National Park are a Scottish band formed in 1997 in Glasgow. The band's music has been described as having some similarities to Velvet Underground, Galaxie 500 and Yo La Tengo "without sounding like anything else.""

History 
The band was formed by former Telstar Ponies member John Hogarty and Scott Walker. In August 1997, the band played their first gig. Simon Shaw and Michael McGaughrin of the band V-Twin joined Hogarty and Walker, and played the bass and drums, respectively.

National Park's first single, "Great Western", was a 10" released on Earworm records; a ten-minute-long improvisation. It was recorded on a tape deck at an early rehearsal session. Despite the length of the track it was playlisted on Xfm London. Hogarty was also part of the Phantom Engineer project with David Keenan and Bill Wells. Collaborations with Future Pilot A.K.A. then followed, and were released on Beggars Banquet Records and also on Earworm records. The band also played live with many of their favourite bands, including Belle and Sebastian at the Shepherd's Bush Empire.
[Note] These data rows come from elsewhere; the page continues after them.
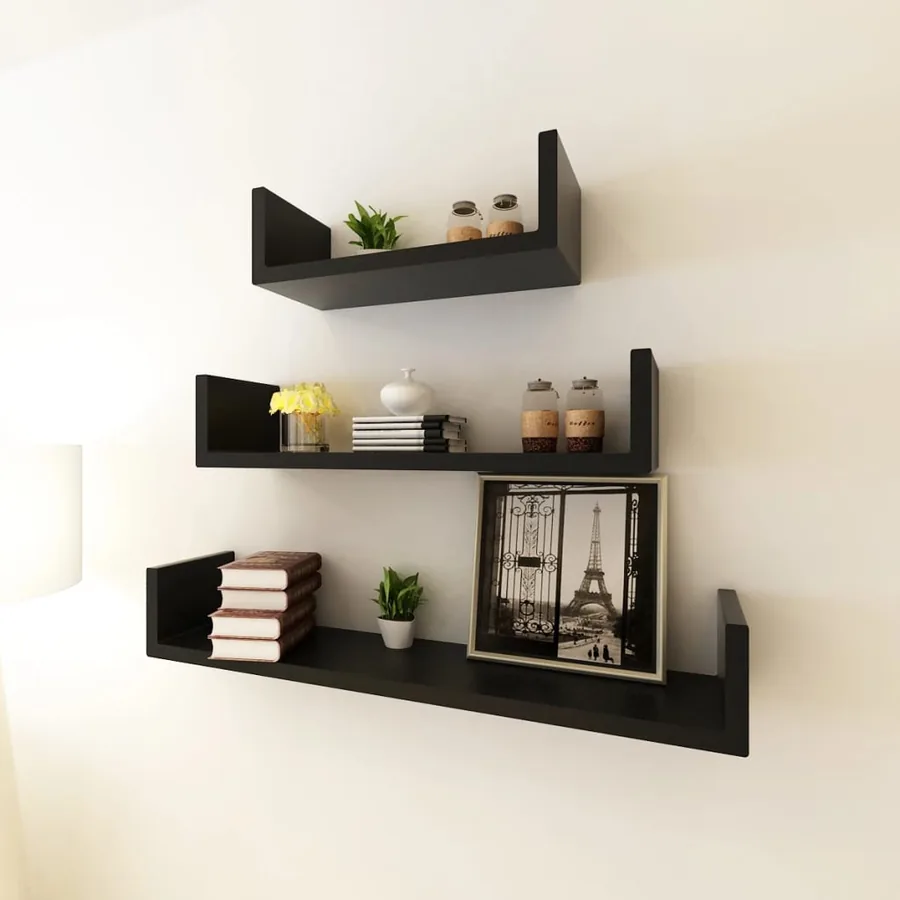 Étagères murales 3 pcs Forme de U MDF Noir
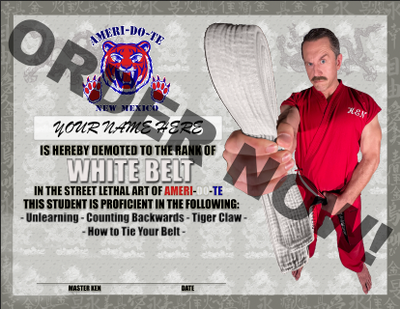 ADT 6TH KYU WHITE BELT CERTIFICATE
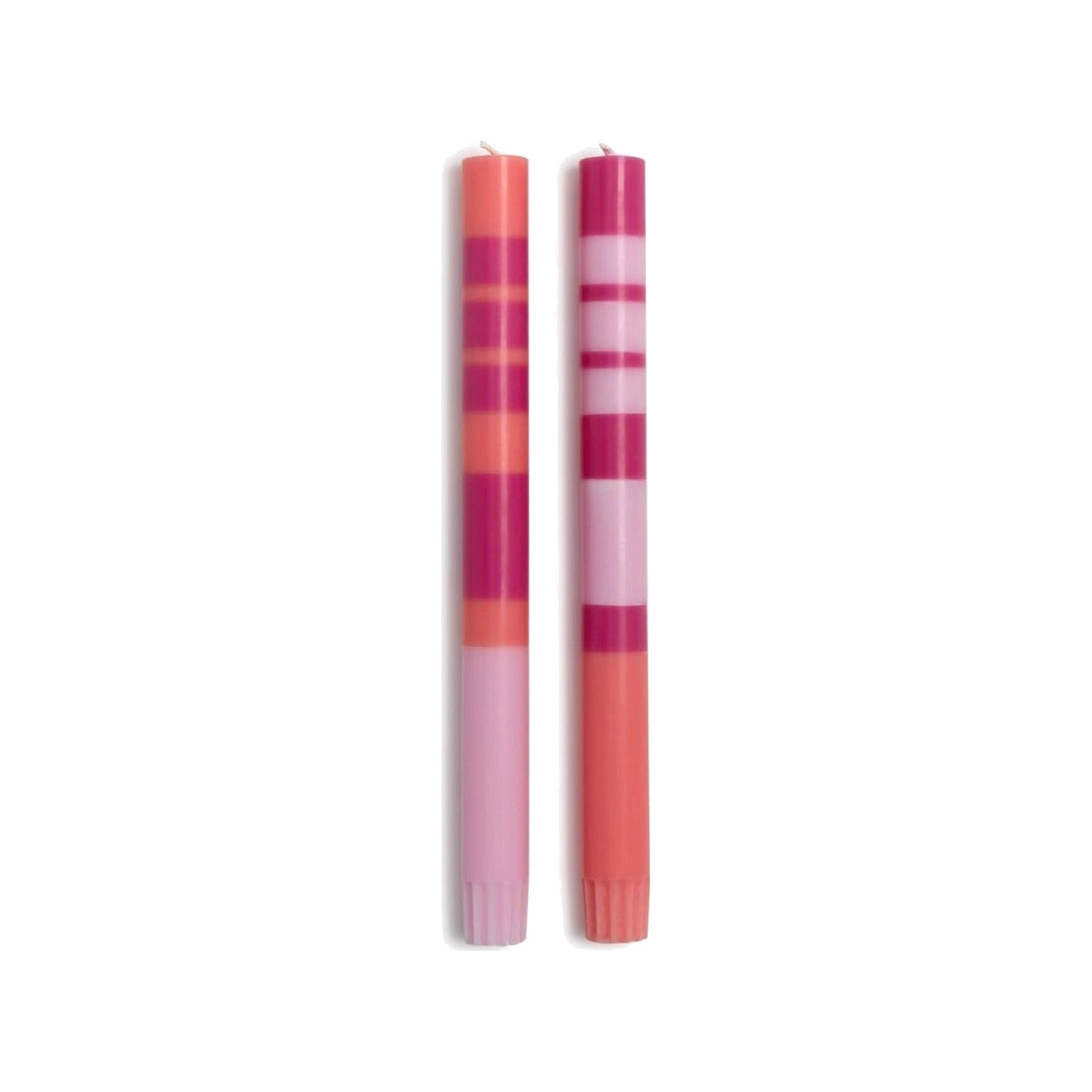 Pink Stripe and Glow Set of 2, 10 Taper Candles, shown on a white background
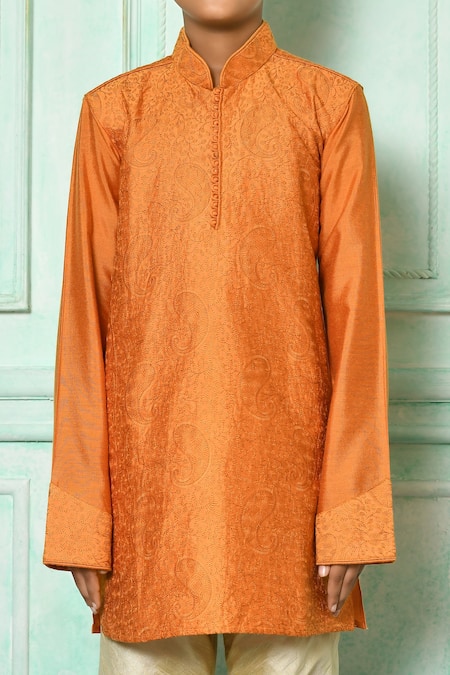 Shop_Petite Pomme_Yellow Silk, Denim Embroidery Paisley Kurta And Pant Set _Online_at_Aza_Fashions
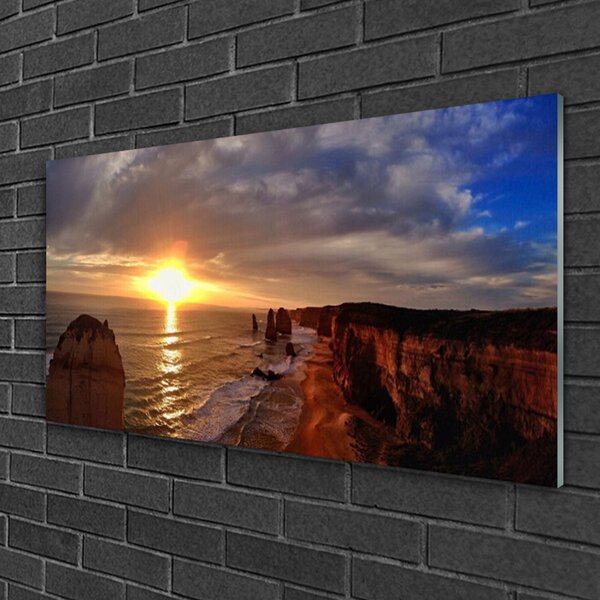 Quadro in vetro Paesaggio del sole del mare 100x50 cm 2 appendini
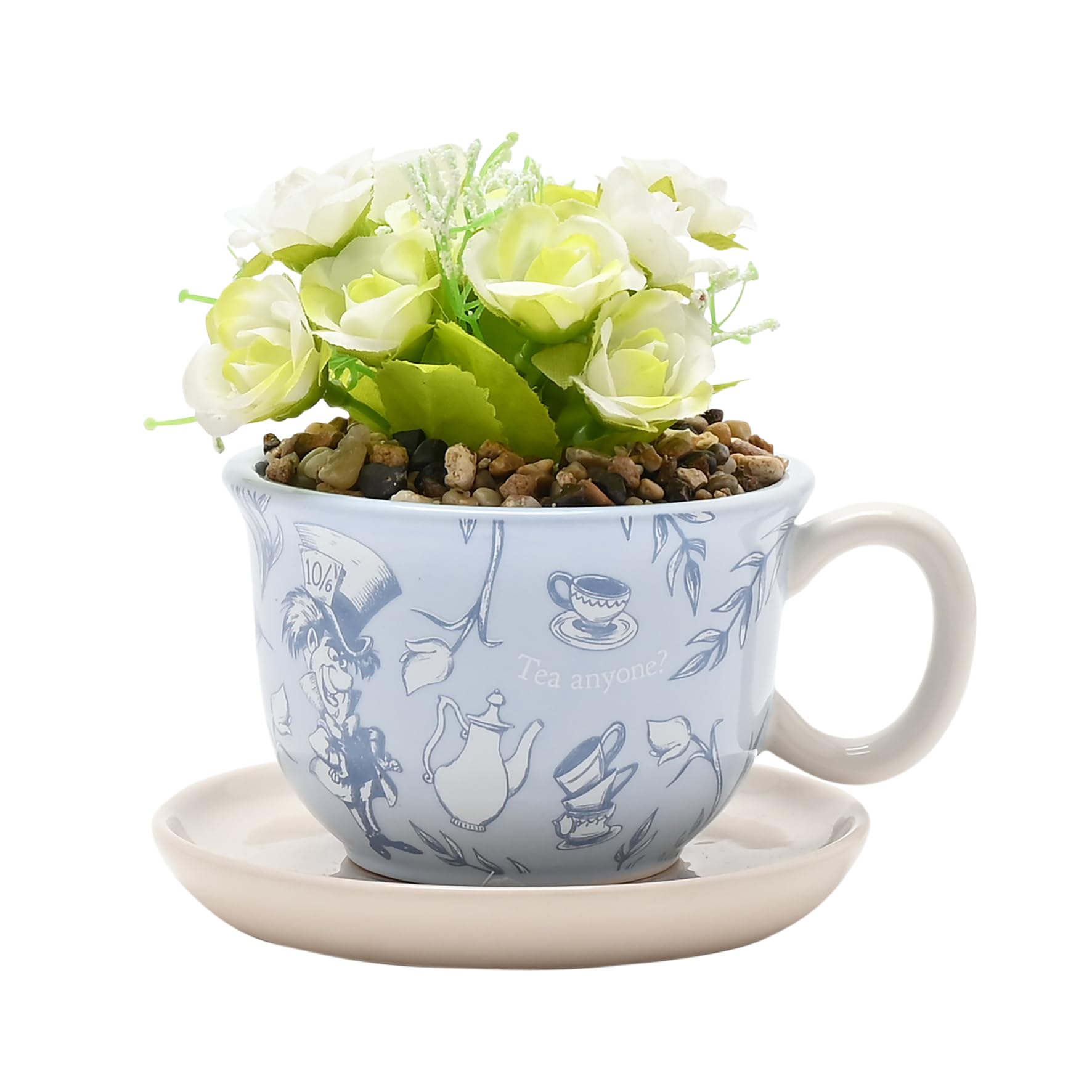 Widdop And Co Blue Disney Alice In Wonderland Teacup Planter – Ceramic Tea Cup Plant Pot With Faux Flowers – Quirky Decorative Gift For Fans Of Alice In Wonderland – Widdop Home Ornament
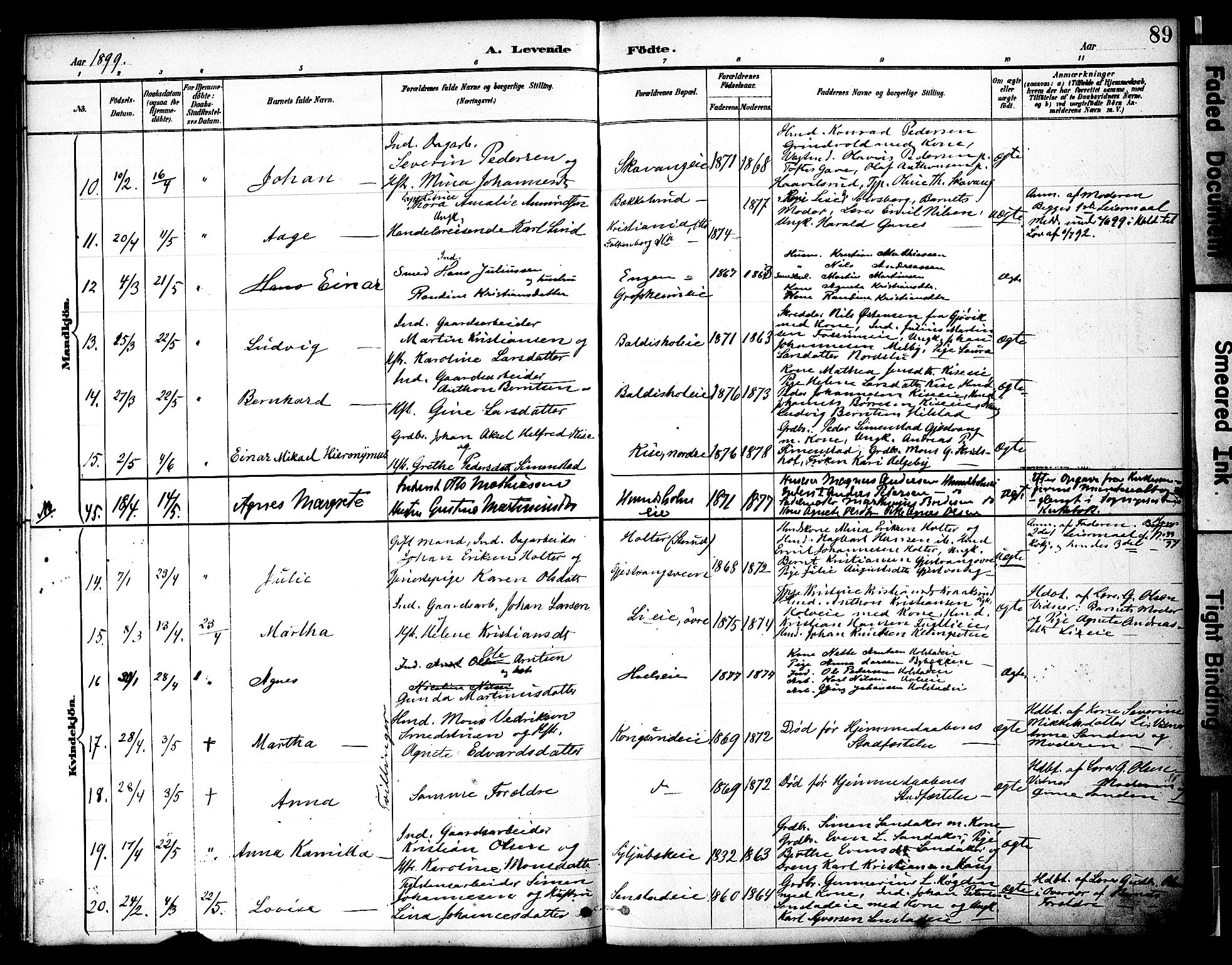 Nes prestekontor, Hedmark, AV/SAH-PREST-020/K/Ka/L0009: Parish register (official) no. 9, 1887-1905, p. 89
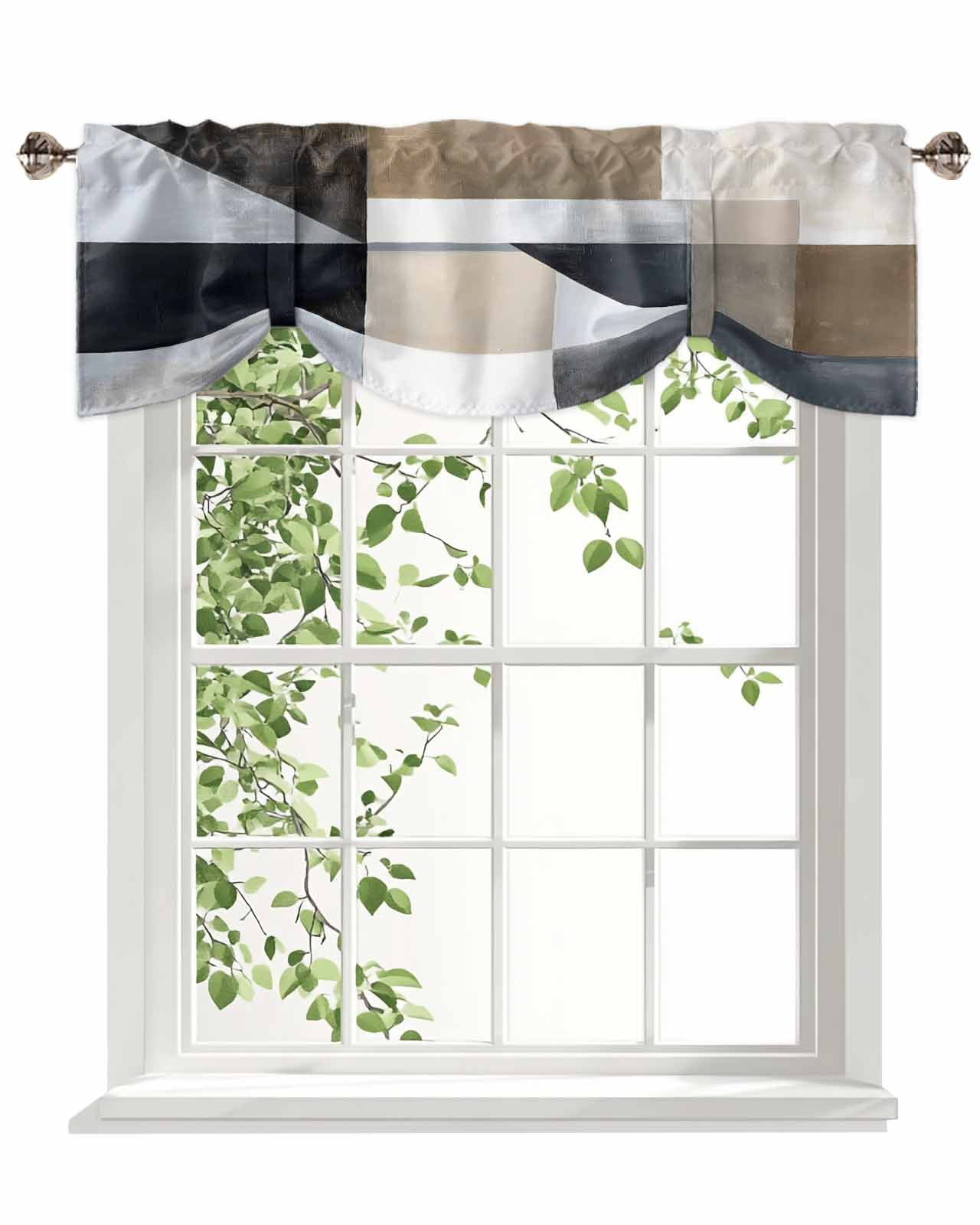 Abstract Black Brown White Tie Up Valances Curtain, Modern Art Brown Grey Kitchen Valances for Windows Decor, Rod Pocket Short Curtains Set for Bedroom/Bathroom, 60"x18"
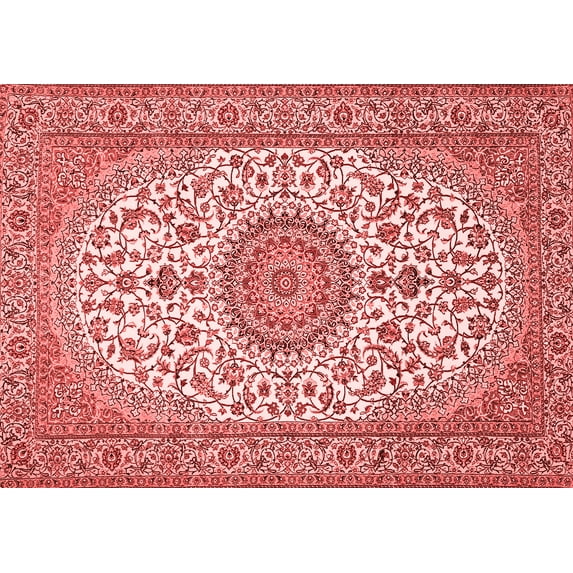 Ahgly Company Indoor Rectangle Medallion Red Traditional Area Rugs, 4' x 6'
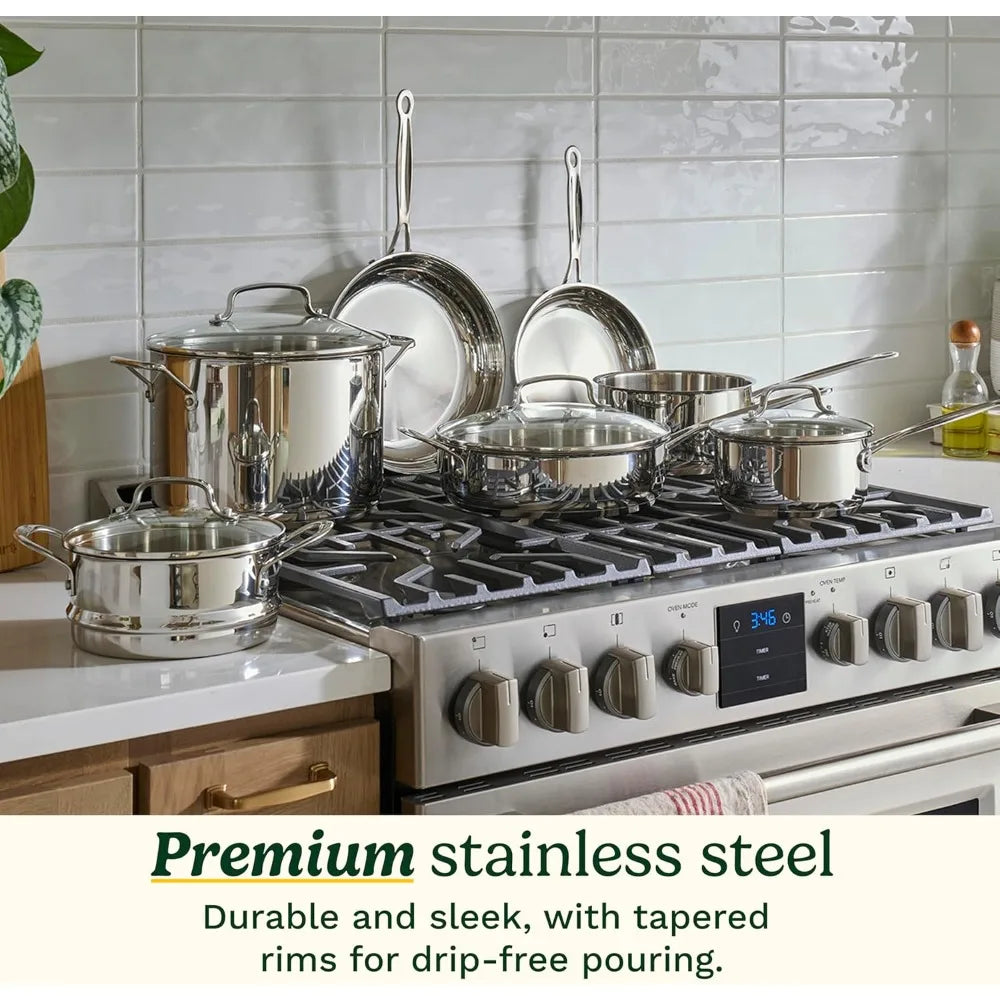 Stainless Steel 11-Piece Cookware Set Aluminum-Clad Base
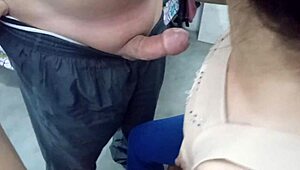 Ella gets easy cash as morrita extracts cum fast with mouth before getting caught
Scott Walker left the band in 1999, and was replaced briefly by Alasdair Roberts (of Appendix Out) and later by Gerard Love of Teenage Fanclub.  Walker did return briefly to record "No More Rides" for the compilation You Don't Need Darkness to Do What You Think is Right, which was released by Geographic Music, a subsidiary of Domino Recording Company during 2001-2002.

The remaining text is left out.